Thursday, July 12, 2012

The Curse, a Cover

Been a while since I've done a cover. This song is by one of my favorite artists out at the moment, Mr. Josh Ritter. The lyrics are haunting, and I've puzzled over the implications of the song and would be curious to know your reactions, too.  I've put my cover first followed by the original.

(Don't those puppets add a certain creepy mmph to the song?)  After listening to Ritter's it makes me wonder why I even did a cover.  Honestly I just wanted to share the song and, more importantly, the story.  Wow. I can't stop thinking about it.

Theory One: The mummy is cursed and malevolent
Theory Two: The woman spends her whole life researching this thing and has a great imagination

The Question: Does the mummy truly love her? I think yes. Keisha thinks not so much. I think a great, thought-provoking song, unlike any other love story I know.

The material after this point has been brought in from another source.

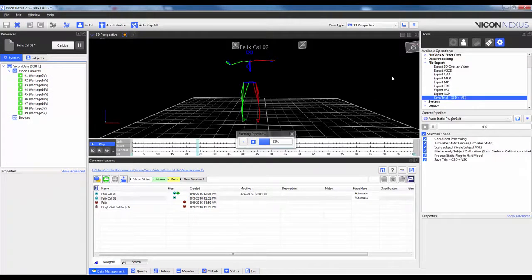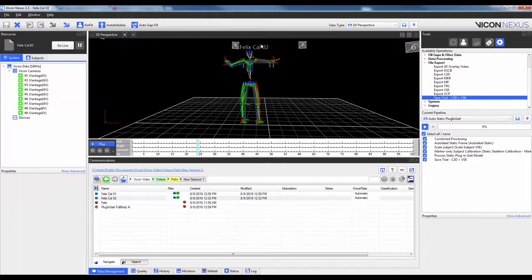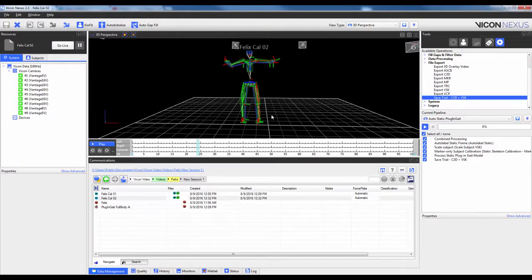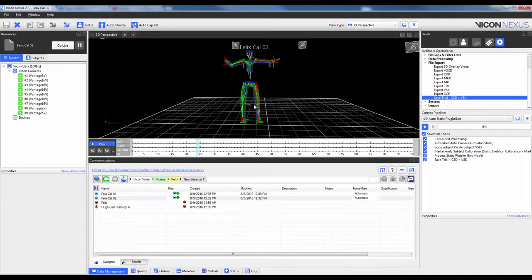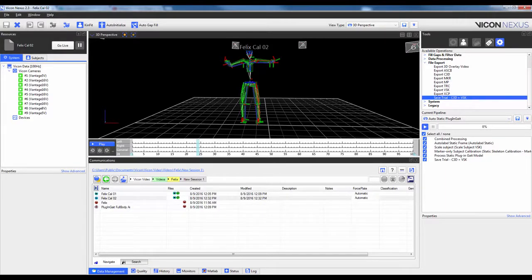You'll see that it captured the data, it's taken me offline, it's provided a different name for the trial, and it's actually processed and calibrated everything for me. Again, you will want to make sure that you can get reliable captures for your static trial before wanting to automate the process this much.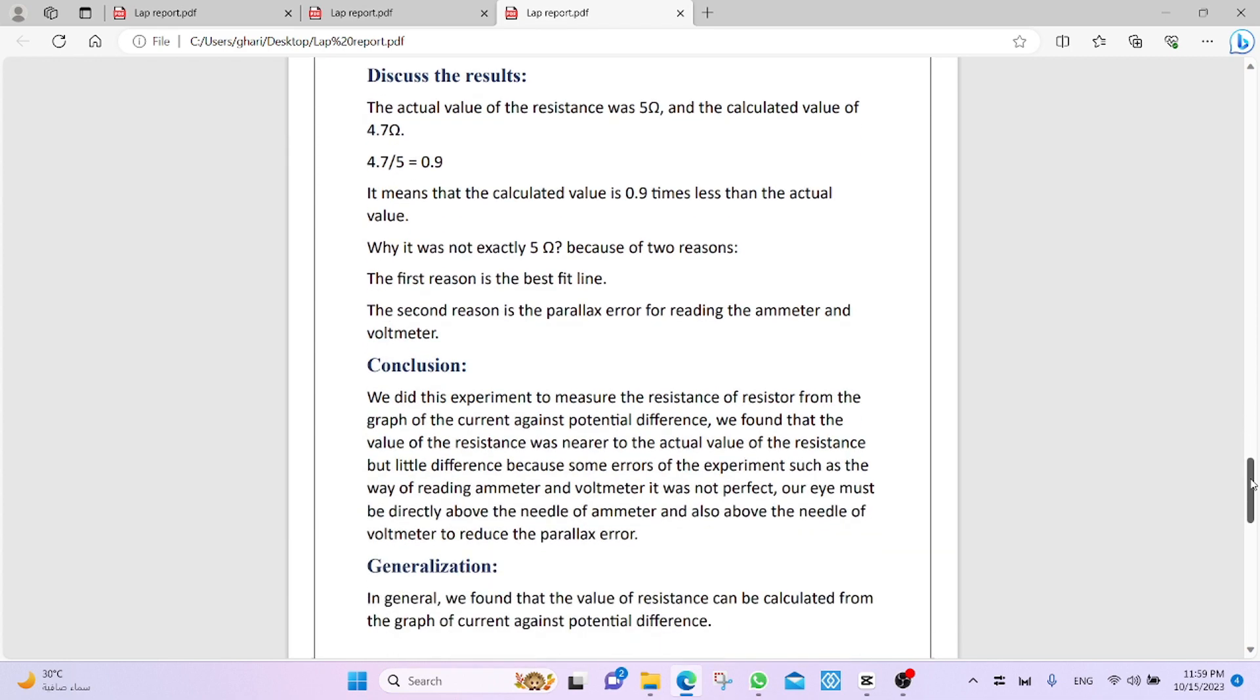Conclusion. Now, we write conclusion about the experiment related to the aim also. We did this experiment to measure the resistance of resistor from the graph of the current against potential difference. We found that the value of the resistance was nearer to the actual value of the resistance, but little difference.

He opens his eyes, falls in love at first sight
With the girl in the doorway
What beautiful lines, how full of life
After thousands of years what a face to wake up to

He holds back a sigh as she touches his arm
She dusts off the bed where till now he's been sleeping
Under miles of stone, the dried fig of his heart
Under scarab and bone starts back to its beating

She carries him home in a beautiful boat
He watches the sea from a porthole in stowage
He can hear all she says as she sits by his bed
Then one day his lips answer her in her own language

The days quickly pass, he loves making her laugh
The first time he moves it's her hair that he touches
She asks "Are you cursed?" He says "I think that I'm cured"
Then he talks of the Nile and the girls in bullrushes

In New York he is laid in a glass-covered case
He pretends he is dead, people crowd round to see him
But each night she comes round, and the two wander down
The halls of the tomb that she calls a museum

Often he stops to rest, but then less and less
Then it's her that looks tired, staying up asking questions
He learns how to read from the papers that she 
Is writing about him and he makes corrections

It's his face on her book and more and more come to look
Families from Iowa, upper West-siders
Then one day it's too much, he decides to get up
And as chaos ensues, he walks outside to find her

She's using a cane, and her face looks too pale
But she's happy to see him, as they walk he supports her
She asks "Are you cursed?" but his answer's obscured
In a sandstorm of flashbulbs and rowdy reporters

Such reanimation, the two tour the nation
He gets out of limos, he meets other women
He speaks of her fondly, their nights in the museum
But she's just one more rag now he's dragging behind him

She stops going out, she just lies there in bed
In hotels in whatever towns they are speaking
Then her face starts to set and her hands start to fold
And one day the dry fig of her heart stops its beating

Long ago on the ship, she asked "Why pyramids?"
He said "Think of them as an immense invitation"
She asks "Are you cursed?" He says "I think that I'm cured" 
Then he kissed her and hoped that she'd forget that question

Check out more Josh Ritter if you want some great writing and excellent songs.


Diz said...

Had a witty comment - you'll have to trust me, I accidentally closed it. Didn't like the visual, and the one sentence that I found intriguing was "And one day the dry fig of her heart stops its beating." Why did he choose "dry fig." The "love story"part was a little to creepy for this regular gal.

Diz said...

Oh, I like the melody, too....

Anonymous said...

Dude! Look at you cranking out a killer cover. Don't apologize for that at all-your Bright-Eyesian baritone added something fresh to that song... which I hadn't heard before but that's beside the point.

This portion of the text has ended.